Learnings from trying to create a page offering thematic extracts

Often I find myself in a situation when I need OSM data focusing on a specific topic. I either use overpass turbo to get such a dataset, or download an extract from Geofabrik and filter that one using ogr2ogr or osmium. Both methods involve some manual repetitive work until I get to a GPKG (my current favourite file format).

So, I wanted to build a website which offers thematic extracts. This turns out to be more complicated then I initially thought. For context, I don’t own hardware or have hardware expertise, so I am reliant on cloud providers.

I use these 3 services:

  1. GitHub pages to serve frontend code
  2. GitHub scheduled workflows to run extraction jobs daily
  3. Supabase object storage to store results of extraction jobs

GitHub scheduled workflows are limited by size, so forget processing a planetfile or similar (unless one is happy to pay GitHub for the workflows). The Supabase service I can access without providing a bank card is limited to 1 GB total storage, max file size 50 MB. I tried other providers, but I found there is always a catch:

  • Backblaze: you can have a free account, you can’t create a public bucket unless you give payment info (then you have to worry about egress charges)
  • Hetzner: cheap storage, but again, if I give payment info, then I can theoretically face runaway egress charges
  • AWS, Azure, GCP: I use these enough at work, I wanted to try something new in my freetime (+ theoretical threat of runaway egress charges.)

The end result is this pretty miniscule website: OSM extracts (source code).

I could probably include some more regions, albeit not large ones (due to the 50MB file size limit). My main takeaway is that it is not an accident that a truly robust website offering GPKG (or similar) extracts does not exist, creating one takes more effort than a Sunday afternoon. I hope next time I have a similar idea, I’ll just go outside instead.

3 Likes

Yes, storage costs something.
Maybe you could contact some local OSM associations that runs an infrastructure with some spare storage on their servers? After all you don’t need that much space.

Good idea, thank you.
If someone says they need this service, I’ll improve it. Right now I’m not aware of any actual prospective users, so I am not planning on continuing on the short term.

With at least some of the options you get (a) a fairly large amount of egress traffic included, so that you’d have to be favourited on “the next Pokemon Go’s message board” to cause problems and (b) have the ability to control spend invoice by invoice.

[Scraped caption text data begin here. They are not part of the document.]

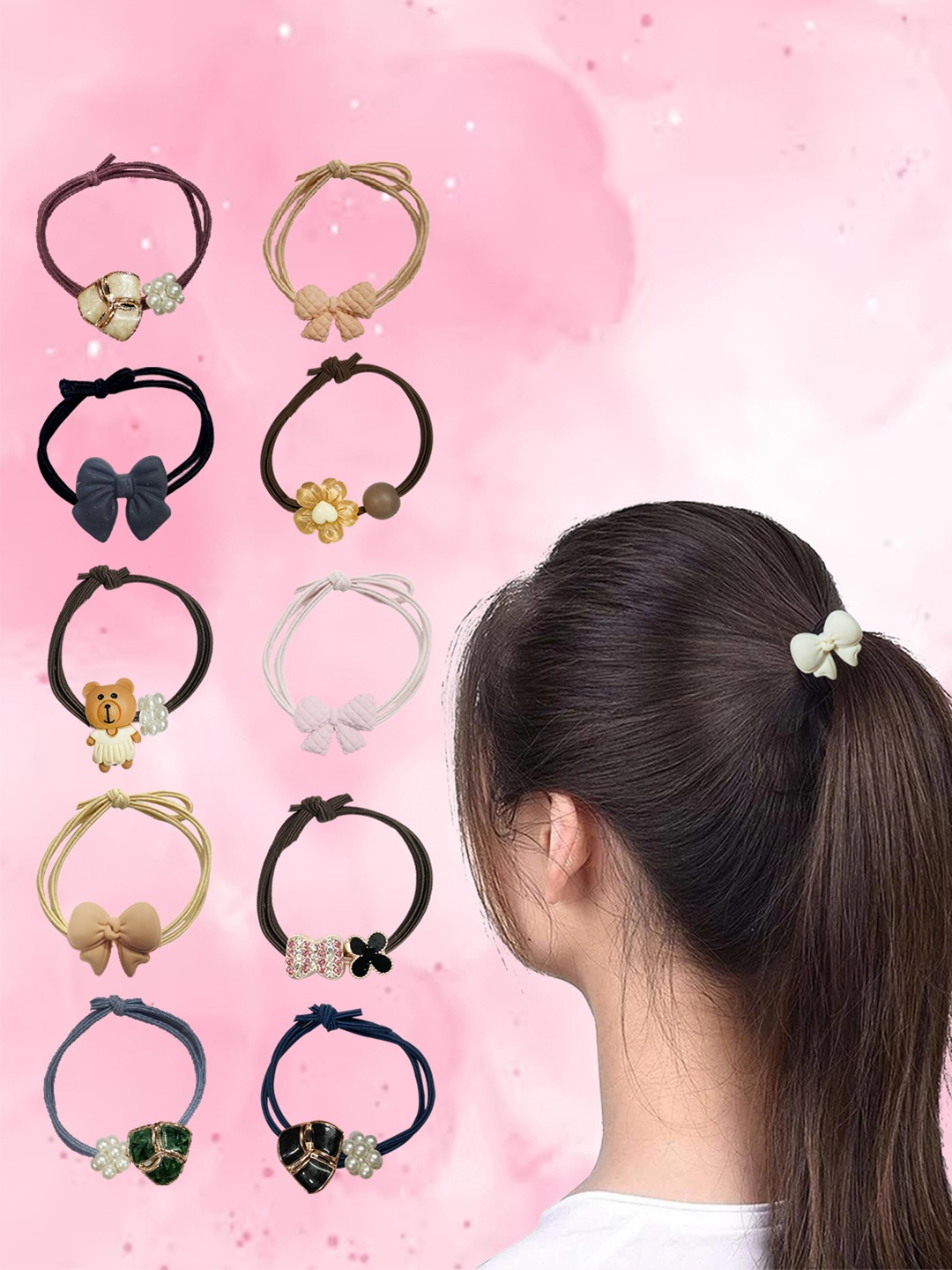 

MAJESTIQUE Women Pack Of 10 Embellished Ponytail Holders, Black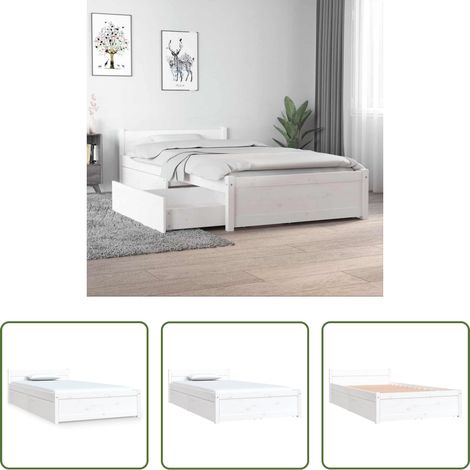 Schubladenbett -  Bett mit Schubladen Weiß 90x190 cm (1/5)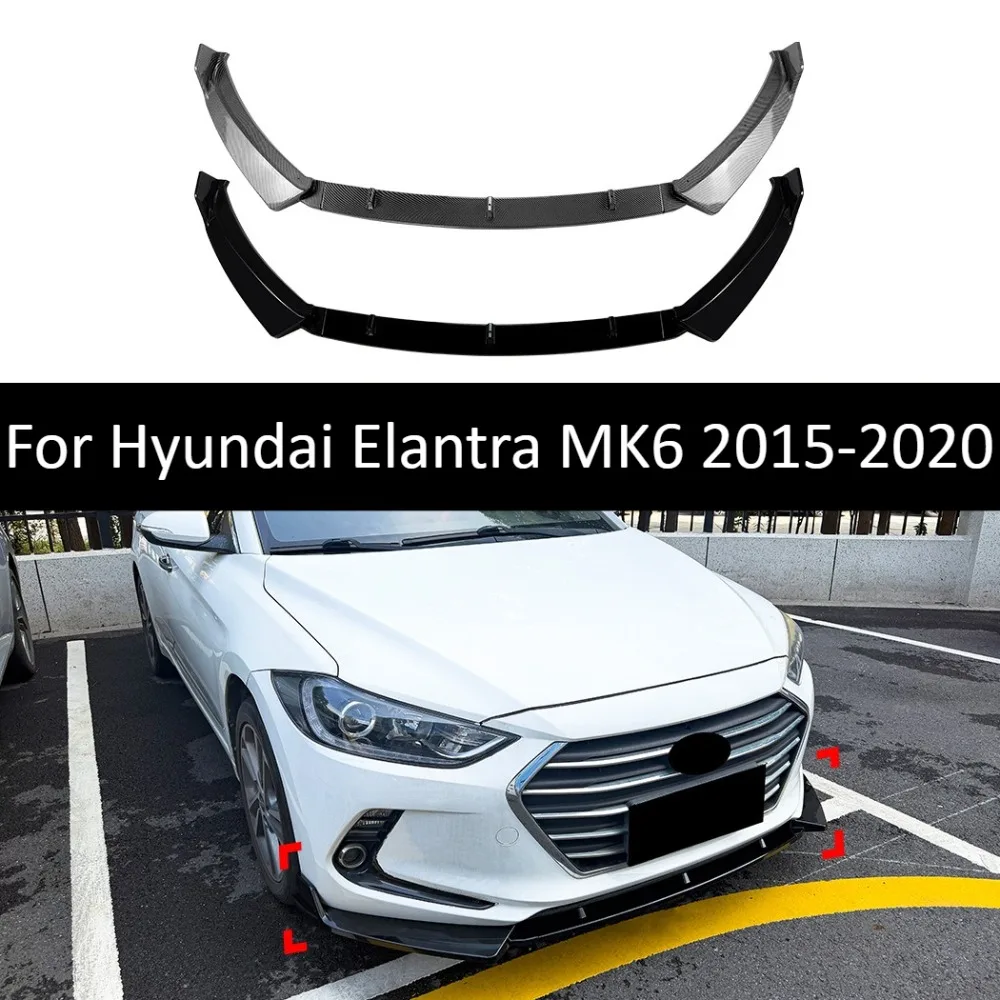 Front Lip Spoiler For Hyundai Elantra MK6 2015-2020 Front Bumper Splitter Body Kit Exterior Styling Auto Accessories Upgrade Kit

Maybe I’m paranoid: leaving it open and uncontrolled worries me, as someone malicious could also automate downloading lots of data. I don’t know why anyone would do it, but it still would stress me out.

Good to know! If I find someone who finds the website helpful (or someone who would find it helpful if it had more data), then I’ll investigate more.

If we know someone who needs something like this, please tell them to message me, I’d be glad to help them.